One councillor said he would not vote in favour of third reading of the city’s water and sewer rate bylaw at the next council meeting.
city hall close up stock shot
Thompson City Hall

The April 19 Public Utilities Board order approving new water and wastewater rates first requested by the City of Thompson in November 2020 was the topic of discussion for nearly half of council’s committee of the whole meeting May 2.

The order approved a $100,60 minimum quarterly charge, up about 8.5 per cent from the current $92.76, and combined water and wastewater rates of $5.60 per cubic metre once a customer uses more than 14 cubic metres in a three-month billing period.

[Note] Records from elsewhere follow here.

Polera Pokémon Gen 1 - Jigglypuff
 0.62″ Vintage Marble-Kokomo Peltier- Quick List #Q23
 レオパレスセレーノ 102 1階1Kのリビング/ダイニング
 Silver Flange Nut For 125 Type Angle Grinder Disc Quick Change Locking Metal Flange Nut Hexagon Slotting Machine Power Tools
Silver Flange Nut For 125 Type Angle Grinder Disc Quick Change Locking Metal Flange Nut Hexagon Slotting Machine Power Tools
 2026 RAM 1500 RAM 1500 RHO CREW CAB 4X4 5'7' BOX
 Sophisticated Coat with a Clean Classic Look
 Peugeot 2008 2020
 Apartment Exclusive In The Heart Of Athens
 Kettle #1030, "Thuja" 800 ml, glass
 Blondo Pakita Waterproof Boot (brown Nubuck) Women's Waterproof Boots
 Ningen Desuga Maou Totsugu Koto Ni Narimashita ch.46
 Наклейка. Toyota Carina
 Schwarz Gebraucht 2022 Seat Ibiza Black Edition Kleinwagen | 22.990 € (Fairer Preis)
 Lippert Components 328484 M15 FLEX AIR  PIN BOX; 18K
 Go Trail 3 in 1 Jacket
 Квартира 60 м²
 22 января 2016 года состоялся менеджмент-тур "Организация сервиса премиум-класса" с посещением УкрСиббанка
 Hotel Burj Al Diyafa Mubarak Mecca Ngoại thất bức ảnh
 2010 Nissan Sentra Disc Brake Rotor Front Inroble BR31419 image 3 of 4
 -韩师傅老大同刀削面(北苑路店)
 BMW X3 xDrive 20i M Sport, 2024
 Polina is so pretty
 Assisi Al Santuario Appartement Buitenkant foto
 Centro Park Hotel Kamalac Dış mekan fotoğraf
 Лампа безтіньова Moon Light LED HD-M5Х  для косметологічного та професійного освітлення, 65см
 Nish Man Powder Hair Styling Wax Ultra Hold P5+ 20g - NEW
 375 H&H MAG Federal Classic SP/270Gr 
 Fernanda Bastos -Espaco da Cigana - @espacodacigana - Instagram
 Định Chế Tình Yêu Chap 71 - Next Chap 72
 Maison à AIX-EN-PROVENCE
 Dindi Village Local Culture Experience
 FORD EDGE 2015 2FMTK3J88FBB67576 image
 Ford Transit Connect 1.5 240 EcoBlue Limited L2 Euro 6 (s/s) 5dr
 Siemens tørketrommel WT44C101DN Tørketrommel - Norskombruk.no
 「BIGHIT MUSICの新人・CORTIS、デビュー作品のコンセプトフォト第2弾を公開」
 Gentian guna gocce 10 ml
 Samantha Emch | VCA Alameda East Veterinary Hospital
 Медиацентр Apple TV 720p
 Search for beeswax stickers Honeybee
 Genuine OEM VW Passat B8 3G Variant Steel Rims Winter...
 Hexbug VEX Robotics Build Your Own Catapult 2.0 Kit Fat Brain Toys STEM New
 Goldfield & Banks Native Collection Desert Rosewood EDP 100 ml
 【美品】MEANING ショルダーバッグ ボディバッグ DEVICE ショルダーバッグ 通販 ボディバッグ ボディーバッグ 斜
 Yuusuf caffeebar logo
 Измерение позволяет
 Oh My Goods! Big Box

The new rates are set to take effect July 1, provided council passes third reading of the water and wastewater rate bylaw. First reading was approved in November 2020 and second reading in March of last year.

Coun. Duncan Wong, who voted against first and second reading of the rate bylaw, said he believes it’s a bad time for water rates to go up and that the city should try to reduce the cost of treating water that ultimately gets wasted by repairing water breaks more quickly, noting that some may take five or six weeks to be addressed.

"Those kind of things we can look into it to fix it,” said Wong.

One fo the other two councillors who voted against second reading, Earl Colbourne, said he would not support third reading.

“We’ve got to stop the rise, the cost to our taxpayers,” Colbourne said.

Provincial laws dictate that water and sewer utilities must pay for their operating and capital spending through the rates they charge and that they are not allowed to plan for a deficit budget.

Money being spent on water and sewer infrastructure over the next five years should eventually lead to fewer water breaks and less money spent treating water that never gets used, said deputy mayor Brian Lundmark.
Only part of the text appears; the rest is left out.